#### [To do]
Please repeat the whole listing exactly, but leave the pictures out.

#### [Provided material]

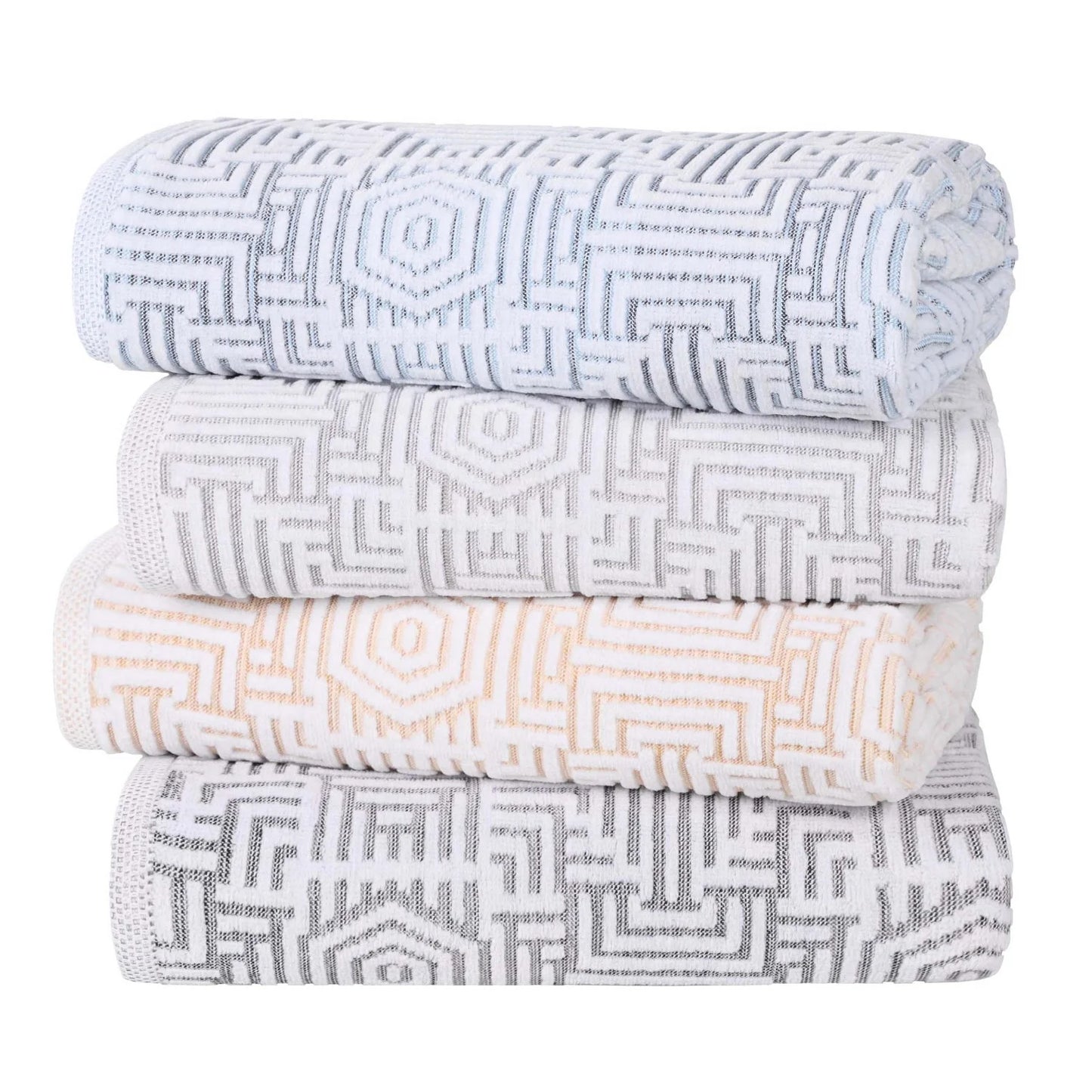 Cotton Modern Jacquard 3-Piece Towel Set, Platinum
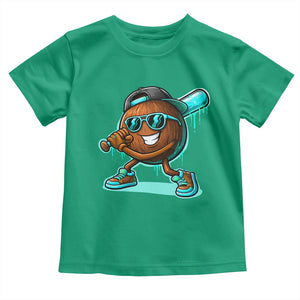 Coconut Baseball Player Toddler T Shirt Funny Baseball Drip Ice Cream Fruit Humor TS10 Irish Green Print Your Wear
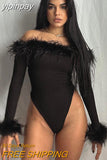 yipinpay 2023 Skinny Long Sleeve Women One Pieces Feathers Patchwork Sexy Club Bodysuit Off Shoulder Fashion Y2K Body Tops Rompers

#### [Response area]
 Cotton Modern Jacquard 3-Piece Towel Set, Platinum
 Coconut Baseball Player Toddler T Shirt Funny Baseball Drip Ice Cream Fruit Humor TS10 Irish Green Print Your Wear
 yipinpay 2023 Skinny Long Sleeve Women One Pieces Feathers Patchwork Sexy Club Bodysuit Off Shoulder Fashion Y2K Body Tops Rompers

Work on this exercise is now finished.